Adam Curtis and the Oozlum Bird, by Sackerson

 I've just frittered away seven hours or so watching Adam Curtis' latest six-part video essay 'Can't Get You Out Of My Head' (available on BBC iPlayer, also on Youtube for non-UK residents: https://www.youtube.com/watch?v=MHFrhIAj0ME .)

It tries to cover a lot of ground - mass movements, resistance to elites, whether humans can be manipulated and so on. But I think it stretches too far, generalises terribly and ends up with no definite conclusion, disappearing up itself like the Oozlum Bird https://en.wikipedia.org/wiki/Oozlum_bird.

It gives us lots of interesting snippets, and looks as though it's making coherent sense because Curtis uses his familar tricks - strange dissociative music, lively footage of frightening events and so on. I think a corrective would be to publish the transcripts so we could spot the use of emotive language, insecurely founded assertions, questionable linkages.

Just for example, I pluck a couple of dubious statements and references from the fifth episode - I'm sure others could find more, throughout the series:

1. Curtis appears to suggest that the Brexiteers voted Out from some nostalgia for lost Empire. I have never heard anybody here, let alone a Brexiteer, state that they wanted to recolonise India and so on. On the other hand Curtis says nothing of the malign domestic socio-economic effects of our EU membership and globalisation generally, which in my view would go much further to explain ordinary people's frustration with the cosy cross-party pro-internationalism setup in Westminster.

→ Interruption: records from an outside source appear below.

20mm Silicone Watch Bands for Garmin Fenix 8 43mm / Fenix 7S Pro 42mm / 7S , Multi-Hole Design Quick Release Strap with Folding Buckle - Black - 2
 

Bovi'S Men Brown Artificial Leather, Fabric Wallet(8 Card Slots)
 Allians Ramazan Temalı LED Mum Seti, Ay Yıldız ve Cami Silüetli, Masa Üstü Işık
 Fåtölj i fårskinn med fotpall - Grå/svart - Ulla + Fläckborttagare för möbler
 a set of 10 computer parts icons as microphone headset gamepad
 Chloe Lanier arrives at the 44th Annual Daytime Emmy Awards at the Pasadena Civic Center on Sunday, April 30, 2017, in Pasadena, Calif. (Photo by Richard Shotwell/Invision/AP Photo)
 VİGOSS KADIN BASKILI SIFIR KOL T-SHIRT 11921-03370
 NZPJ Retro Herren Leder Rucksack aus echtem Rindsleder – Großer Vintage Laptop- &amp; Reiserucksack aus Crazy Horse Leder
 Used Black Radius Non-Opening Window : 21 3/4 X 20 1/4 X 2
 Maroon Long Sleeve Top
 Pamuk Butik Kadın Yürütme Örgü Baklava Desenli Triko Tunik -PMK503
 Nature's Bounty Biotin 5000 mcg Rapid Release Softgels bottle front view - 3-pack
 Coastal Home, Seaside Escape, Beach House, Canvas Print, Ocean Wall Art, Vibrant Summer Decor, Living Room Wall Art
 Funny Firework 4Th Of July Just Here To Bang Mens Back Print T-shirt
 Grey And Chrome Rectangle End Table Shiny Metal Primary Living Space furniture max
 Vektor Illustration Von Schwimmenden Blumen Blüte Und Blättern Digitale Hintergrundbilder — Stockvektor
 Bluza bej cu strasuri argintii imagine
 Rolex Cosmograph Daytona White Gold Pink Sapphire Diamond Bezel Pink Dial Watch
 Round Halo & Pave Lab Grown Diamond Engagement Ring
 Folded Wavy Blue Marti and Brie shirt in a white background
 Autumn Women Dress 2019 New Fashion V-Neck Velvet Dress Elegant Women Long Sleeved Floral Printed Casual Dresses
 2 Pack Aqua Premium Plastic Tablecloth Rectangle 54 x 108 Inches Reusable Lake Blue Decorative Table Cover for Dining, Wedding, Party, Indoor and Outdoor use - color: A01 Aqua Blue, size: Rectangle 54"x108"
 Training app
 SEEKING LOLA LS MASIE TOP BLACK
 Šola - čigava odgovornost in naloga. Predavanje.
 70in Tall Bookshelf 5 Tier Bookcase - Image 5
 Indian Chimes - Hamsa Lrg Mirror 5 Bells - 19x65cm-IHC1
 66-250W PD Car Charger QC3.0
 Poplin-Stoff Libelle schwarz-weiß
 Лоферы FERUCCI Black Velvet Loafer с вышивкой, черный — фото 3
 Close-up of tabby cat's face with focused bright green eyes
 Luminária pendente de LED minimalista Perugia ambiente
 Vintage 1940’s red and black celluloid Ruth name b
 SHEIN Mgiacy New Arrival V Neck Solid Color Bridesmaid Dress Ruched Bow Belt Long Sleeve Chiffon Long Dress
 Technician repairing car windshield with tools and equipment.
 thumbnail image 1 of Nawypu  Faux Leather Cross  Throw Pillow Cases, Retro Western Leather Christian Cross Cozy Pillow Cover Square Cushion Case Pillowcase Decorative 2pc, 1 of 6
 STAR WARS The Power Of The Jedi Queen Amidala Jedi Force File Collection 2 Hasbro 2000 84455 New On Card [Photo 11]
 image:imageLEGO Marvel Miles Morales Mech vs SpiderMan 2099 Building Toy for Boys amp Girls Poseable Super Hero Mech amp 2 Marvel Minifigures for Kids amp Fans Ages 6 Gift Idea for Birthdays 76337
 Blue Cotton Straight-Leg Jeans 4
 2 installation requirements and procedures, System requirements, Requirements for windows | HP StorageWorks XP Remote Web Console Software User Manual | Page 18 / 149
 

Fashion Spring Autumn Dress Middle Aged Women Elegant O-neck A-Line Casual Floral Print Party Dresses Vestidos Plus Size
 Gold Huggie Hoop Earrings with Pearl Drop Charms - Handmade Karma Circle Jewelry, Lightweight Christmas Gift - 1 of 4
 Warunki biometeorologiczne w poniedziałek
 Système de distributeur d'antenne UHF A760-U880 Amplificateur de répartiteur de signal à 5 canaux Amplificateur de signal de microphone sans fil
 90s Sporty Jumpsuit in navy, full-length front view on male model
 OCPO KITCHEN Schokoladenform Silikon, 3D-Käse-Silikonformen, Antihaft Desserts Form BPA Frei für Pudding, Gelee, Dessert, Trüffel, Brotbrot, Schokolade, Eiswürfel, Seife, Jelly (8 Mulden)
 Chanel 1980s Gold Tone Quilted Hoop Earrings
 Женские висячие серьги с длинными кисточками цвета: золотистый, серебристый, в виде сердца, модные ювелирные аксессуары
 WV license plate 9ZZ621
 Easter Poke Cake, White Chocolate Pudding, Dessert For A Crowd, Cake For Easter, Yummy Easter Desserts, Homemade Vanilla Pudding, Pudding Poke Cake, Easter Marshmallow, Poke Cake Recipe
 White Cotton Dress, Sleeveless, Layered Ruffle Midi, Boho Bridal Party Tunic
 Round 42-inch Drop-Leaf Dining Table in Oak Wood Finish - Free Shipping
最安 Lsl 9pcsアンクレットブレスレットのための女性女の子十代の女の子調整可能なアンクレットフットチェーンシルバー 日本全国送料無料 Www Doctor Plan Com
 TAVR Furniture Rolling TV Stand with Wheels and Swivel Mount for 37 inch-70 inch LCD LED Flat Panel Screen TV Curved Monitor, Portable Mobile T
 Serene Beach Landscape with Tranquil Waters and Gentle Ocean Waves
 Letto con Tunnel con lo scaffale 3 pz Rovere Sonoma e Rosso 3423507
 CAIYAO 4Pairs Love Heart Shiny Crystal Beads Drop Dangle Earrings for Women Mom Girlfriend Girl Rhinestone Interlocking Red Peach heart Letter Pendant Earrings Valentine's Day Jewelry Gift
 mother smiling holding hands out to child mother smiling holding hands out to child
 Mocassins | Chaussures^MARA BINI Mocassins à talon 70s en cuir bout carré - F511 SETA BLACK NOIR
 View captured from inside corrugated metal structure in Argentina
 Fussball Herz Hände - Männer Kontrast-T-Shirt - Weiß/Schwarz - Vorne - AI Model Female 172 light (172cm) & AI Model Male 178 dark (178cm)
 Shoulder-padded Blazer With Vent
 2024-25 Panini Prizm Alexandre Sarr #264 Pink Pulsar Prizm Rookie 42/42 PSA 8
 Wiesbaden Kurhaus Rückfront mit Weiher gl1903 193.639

2. Curtis quite rightly talks about the evils of the opium trade which Britain foisted on China; but in referring to the flood of silver this raised and returned to Britain, he fails to make mention of another trade that was a major factor: tea, payment for which the Chinese government insisted had to be in silver only, thus causing a monetary problem for Britain.

I'm not sure what the transcripts, presented as an Oxbridge undergraduate essay, would score from the dons. Sooner or later we must recognise that the 'flight from language' or the use of audio-visuals to override the critical faculty, has its limitations and pernicious tendencies.

3 comments:

A K Haart said...

Interesting.

"It gives us lots of interesting snippets"

And once we notice this technique it can be remarkably annoying. Many written essays are like this though. A transcript ought to reveal the weakness of the technique, but maybe it would merely come across as the bare bones of a written essay similar to many we see all the time. A comparison would be interesting though.

Sackerson said...

Beta plus query plus, perhaps. Thanks for your comment, AKH.

James Higham said...

"Curtis appears to suggest that the Brexiteers voted Out from some nostalgia for lost Empire."

I think that's all we need to know about him.